Alles beginnt mit einer Vision: Ihre lokale Gemeinschaft soll energieautonom werden und dazu möchten Sie Ihre eigene Energiegemeinschaft gründen. Um Ihr Vorhaben zu realisieren sollten Sie im ersten Schritt das Gespräch suchen. Sprechen Sie mit Ihren Nachbarn, lokalen Unternehmen und kommunalen Vertretern über Ihre Idee. Erfahrungsgemäß sind viele Menschen offen für nachhaltige Projekte und warten vielleicht nur auf einen kleinen Anstoß.

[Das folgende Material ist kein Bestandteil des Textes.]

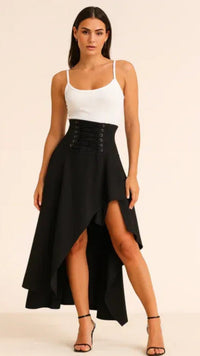 Damen Rock lang mit Schlitz | Midi - Schwarz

Um eine Energiegemeinschaft in Österreich zu gründen, ist es wesentlich, sich mit dem rechtlichen Rahmen, speziell dem Erneuerbaren-Ausbau-Gesetz (EAG) und dem Elektrizitätswirtschafts- und -organisationsgesetz (ElWOG), vertraut zu machen. Diese Gesetze definieren nicht nur, was eine Energiegemeinschaft ist, sondern erleichtern auch deren Gründung und Betrieb. Es ist ratsam, sich in diesen Fragen gut zu informieren oder rechtliche Beratung zu suchen, um auf sicherem Boden zu stehen. Wir stehen Ihnen hier gerne zu Verfügung.
Energiegemeinschaften können in Österreich unterschiedliche Rechtsformen annehmen, wie Genossenschaften oder Vereine, je nachdem, welche Struktur am besten zu Ihren Zielen passt. Von der Auswahl der richtigen Struktur hängt viel ab, denn sie beeinflusst, wie Investitionen getätigt und Gewinne verteilt werden oder wie ein gemeinnütziges Projekt erfolgreich umgesetzt werden kann.
Zusätzlich sollten Sie die Unterstützung und Förderungen der österreichischen Regierung oder anderer Organisationen in Betracht ziehen, die Ihr Projekt finanziell oder durch Beratung vorantreiben können. Informationen zu solchen Leistungen finden Sie online.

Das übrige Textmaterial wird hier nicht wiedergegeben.